Over the past year, Kelly Barr, a mathematics teacher at Gilmer County High School, has played an integral role in the growth of a statewide improvement network focused on mathematics teaching and learning as a Fellow in the “Mountaineer Mathematics Master Teachers” (M3T) project. The M3T project network began in 2020 thanks to a six-year, $3 million grant to West Virginia University from the National Science Foundation’s Robert Noyce Teacher Scholarship Program, supported by additional grants from the West Virginia Department of Education. The M3T project builds on previous efforts to support secondary mathematics teacher leadership and instructional improvement across West Virginia, which started in Pocahontas County over a decade ago.
“M3T has had such a profound impact on my teaching and instructional design”, said Barr, who is one of 43 M3T Fellows supported by the project, representing 29 counties across West Virginia. “In 22 years of being in the classroom, this professional development has been the most transformative because I can choose what I improve in my classroom. I can look at each new group of students and center on their needs as learners and make real, impactful improvements.”
As part of the project, M3T Fellows must continue to serve in their role as a middle or high school mathematics teacher and work as a network to identify and solve specific problems in their own classrooms and share that learning. Barr has also recruited and led an M3T “local improvement team” with Gilmer County colleagues—Morgan Allen and Melissa Jones—to extend the reach of M3T’s improvement efforts.
The Gilmer County High School team has worked for the past year to address math vocabulary in their mathematics classrooms. Guided by the M3T network’s approach to improvement, the team has tested the use of Word Bank Definitions, which requires students to use math vocabulary in new and meaningful ways. The team has also observed one another in the classrooms and discussed their observations of each other’s teachings.
“Being a part of this network and truly learning about improvement science has been game changing in my classroom and in the classrooms of my LIT members”, said Barr. “Without this fellowship and opportunity change like this may have never come to our classrooms in Gilmer County.”
The team has shared their ideas with other mathematics educators across the state—both on M3T network calls as well as through a poster presentation at the annual conference of the West Virginia Council of Teachers of Mathematics, held in March. The team also presented, “Vocabulary? This is Math Class.” to almost 50 WV educators during a separate session at WVCTM. Most recently, the team attended a Gilmer County School Board meeting to update the superintendent and board members of the work they have been doing over the past year for students in Gilmer County.
While the M3T project grant supports the activity of Barr as a Fellow, Gilmer County Schools has supported the work of the local improvement team, providing time and resources for the group to meet.
"The M3T project is an essential component to providing math teachers with innovative math instruction techniques by peers and professionals. I am so pleased that our school's improvement team of Kelly Barr, Morgan Allen and Melissa Jones are part of the M3T project.", said Nasia Butcher, Principal of Gilmer County High School. “It has enhanced their instruction and afforded students more ways of understanding complex and abstract ideas."

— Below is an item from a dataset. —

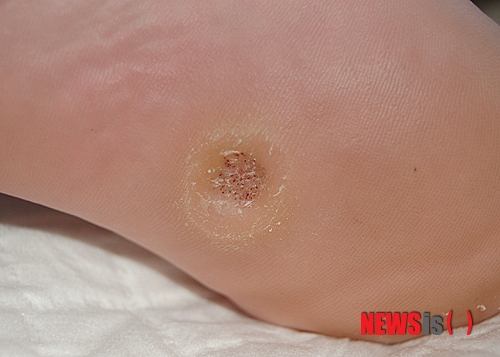 【서울=뉴시스】오제일 기자 = 바이러스로 발생하는 대표적인 피부질환이 사마귀다. 인유두종바이러스(HPV)에 의해 신체 모든 부위에 남녀노소를 가리지 않고 발생한다. 면역력이 약해진 생태에서 쉽게 퍼질 수 있고 타인에게 전염시킬 수 있기 때문에 빨리 치료를 받는 것이 좋다.&nbsp; 단체 생활을 하는 아이들은 면역력이 성인보다 떨어지기 때문에 더 주의해야 한다. 사마귀가 발생한 것도 모르고 아이들끼리 서로 장난치고 만지면서 전염되는 경우가 많다. 보호자가 유심히 관찰하지 않으면 몸에 생긴 사마귀를 숨기고 말을 하지 않을 수도 있어 단체 생활을 하는 아이들은 항상 관심을 가지고 지켜봐야 한다. 작은 변화라도 주의 깊게 살펴서 발생 초기 단계에서 사마귀를 치료하는 것이 좋다.&nbsp; 아이들은 사마귀를 손톱으로 뜯거나, 치아로 물어뜯고, 자주 긁는다. 자칫 잘못하면 입 주변이나 손톱 주위 등 주변 피부로 사마귀가 더 확산될 수 있다. 손톱 주위에 생긴 사마귀, 즉 조갑주위 사마귀는 조갑기질을 파괴해 손톱의 기형을 유발하므로 각별한 주의가 필요하다.&nbsp; 냉동요법과 약물요법, 주사요법, 레이저 요법 등으로 치료한다. 액체 질소를 이용해 사마귀 병변을 냉동시켜 치료하는 냉동요법이 보편적으로 많이 사용된다. 탄산가스 레이저 또는 퍼팩타 레이저를 통한 레이저 시술법도 사용된다. 사마귀가 아주 많고 큰 경우는 DNCB를 이용한 면역요법도 사용할 수 있고 사마귀가 크고 수가 적을 때는 사마귀 부위에 약제를 직접 주사하는 방법도 있다.&nbsp; 사마귀 치료 방법 중 펄스 다이 레이저의 치료법은 선택적인 광열분해의 원리로 정상 피부에는 아무 지장 없이 치료하고자 하는 사마귀 병변 부위만을 파괴해 치료할 수 있다. 사마귀의 위치나 크기, 숫자, 2차 세균감염 여부, 그리고 개인에 따라 달라지지만 2~3회 치료로 사마귀가 좋아지는 경우가 많고 다른 치료에 비해 통증이 적어 쉽게 접근할 수 있는 장점이 있다.&nbsp; 귀가 후에는 꼭 손과 발을 깨끗하게 씻는 습관을 길러야 한다. 사마귀가 발생했을 때는 병원에서 치료를 받는 것을 당연하게 생각하는 것이 필요하다. 자칫 발바닥 사마귀를 티눈으로 오인해 자가 치료를 하면서 더 번지는 경우가 많다. 사마귀와 티눈 등이 생기면 자가 치료를 우선하지 말고 전문의 진료를 우선하는 생각을 가져야 한다.&nbsp; 듀오피부과 홍남수 원장은 "전염성이 있는 사마귀는 본인을 위한 치료뿐 아니라 타인을 배려하는 마음으로 빨리 치료를 받는 것이 좋다. 한곳에 발생한 사마귀가 몸 여러 곳으로 퍼지면 치료할 때의 통증이 심해 치료를 기피하게 되고 사마귀가 더 많이 생길 수 있는 상황이 될 수 있다"고 지적했다.&nbsp; kafka@newsis.com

In addition to the local improvement team efforts, Barr, and other M3T Fellows are currently working to develop deeper understandings of topics related to data and statistics, as relatively new—though vital—content expectations in middle and high school mathematics classrooms. Fellows will share these and other takeaways from the year at the M3T Summer Institute, being held in June in Morgantown. The network will be sharing reports on progress made with educators across the state starting in the fall.